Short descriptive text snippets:

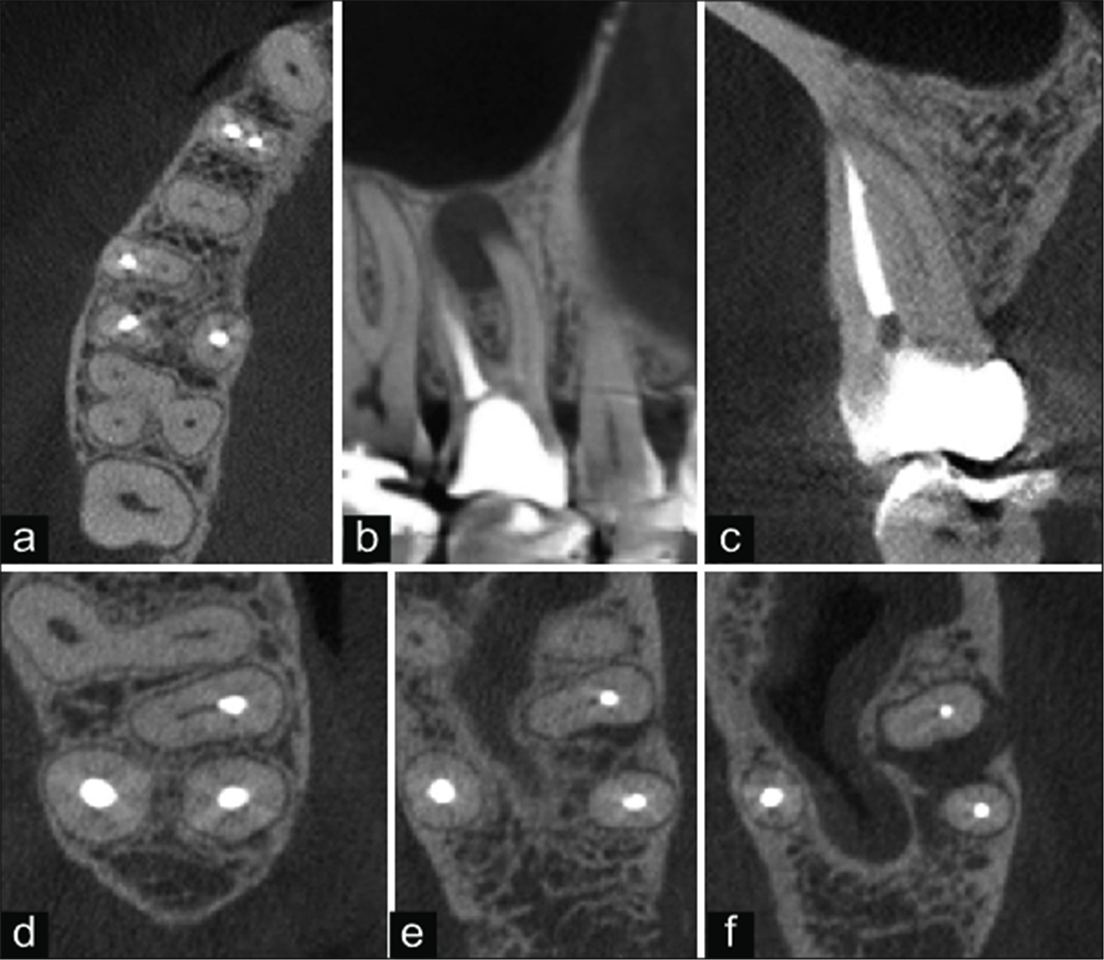 3D Imaging and Endodontics | Cavendish Imaging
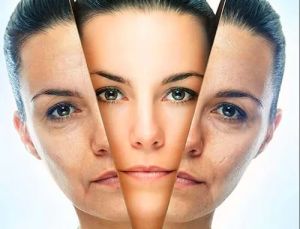 Laser Skin Treatment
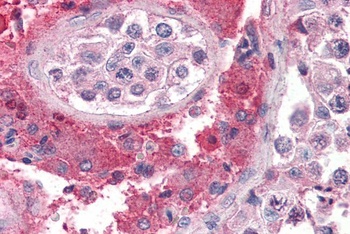SET Antibody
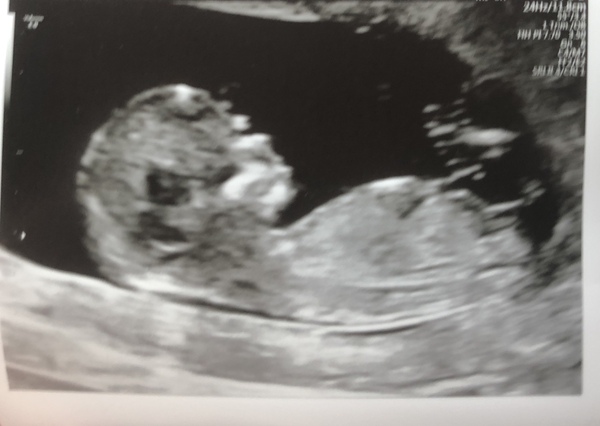 Ringing in the New Year & 2nd trimester - July 2019!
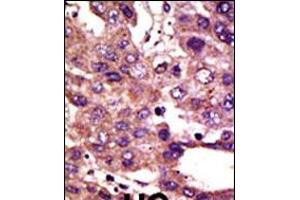 Formalin-fixed and paraffin-embedded human cancer tissue reacted with the primary antibody, which was peroxidase-conjugated to the secondary antibody, followed by DAB staining. (GPI antibody  (AA 571-601))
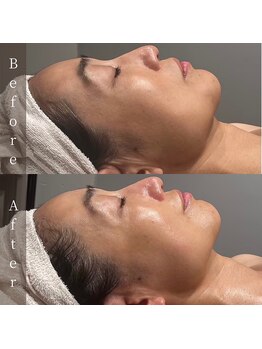 インフィニーズ(INFINEEZ)/カスタマイズ120分美肌改善50代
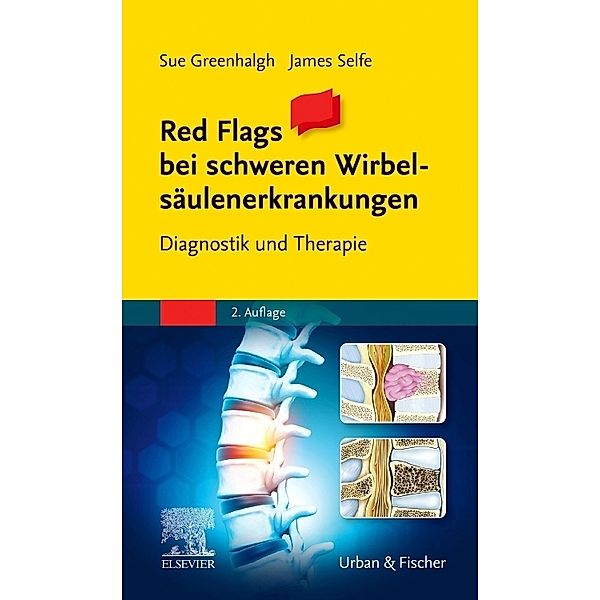 Red Flags - Schwerpunkt Wirbelsäule, Sue Greenhalgh, James Selfe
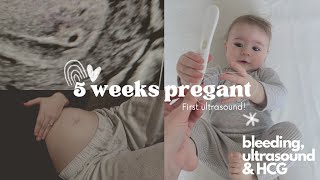 First Trimester Vlog, 5 Weeks Pregnant! First ultrasound, HCG Levels, Symptoms & Bumpdate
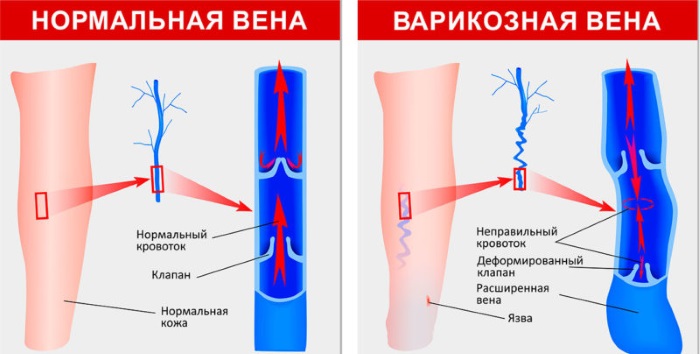 Мази при дерматите атопическом, себорейном, аллергическом, контактном у детей, взрослых. Причины и лечение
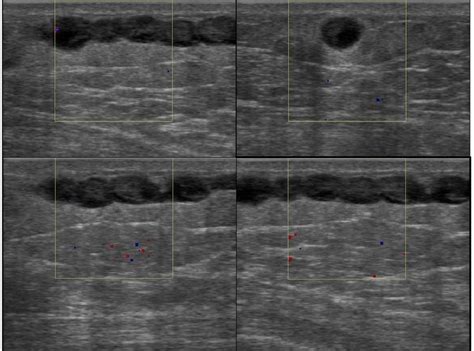 Figure 1 From Sono Mammographic Findings Of Mondor`s Disease Of The Breast Semantic Scholar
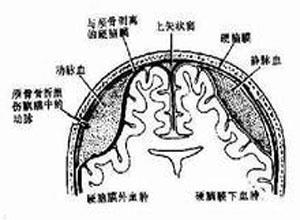 小儿硬脑膜外血肿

What to work on
From the line containing "Laser Skin Treatment" to the final line of the entries, both included, transcribe every line exactly, omit the pictures, and add nothing more.

Result of this task
 Laser Skin Treatment
SET Antibody
 Ringing in the New Year & 2nd trimester - July 2019!
 Formalin-fixed and paraffin-embedded human cancer tissue reacted with the primary antibody, which was peroxidase-conjugated to the secondary antibody, followed by DAB staining. (GPI antibody  (AA 571-601))
 インフィニーズ(INFINEEZ)/カスタマイズ120分美肌改善50代
 Red Flags - Schwerpunkt Wirbelsäule, Sue Greenhalgh, James Selfe
 First Trimester Vlog, 5 Weeks Pregnant! First ultrasound, HCG Levels, Symptoms & Bumpdate
 Мази при дерматите атопическом, себорейном, аллергическом, контактном у детей, взрослых. Причины и лечение
 Figure 1 From Sono Mammographic Findings Of Mondor`s Disease Of The Breast Semantic Scholar
 小儿硬脑膜外血肿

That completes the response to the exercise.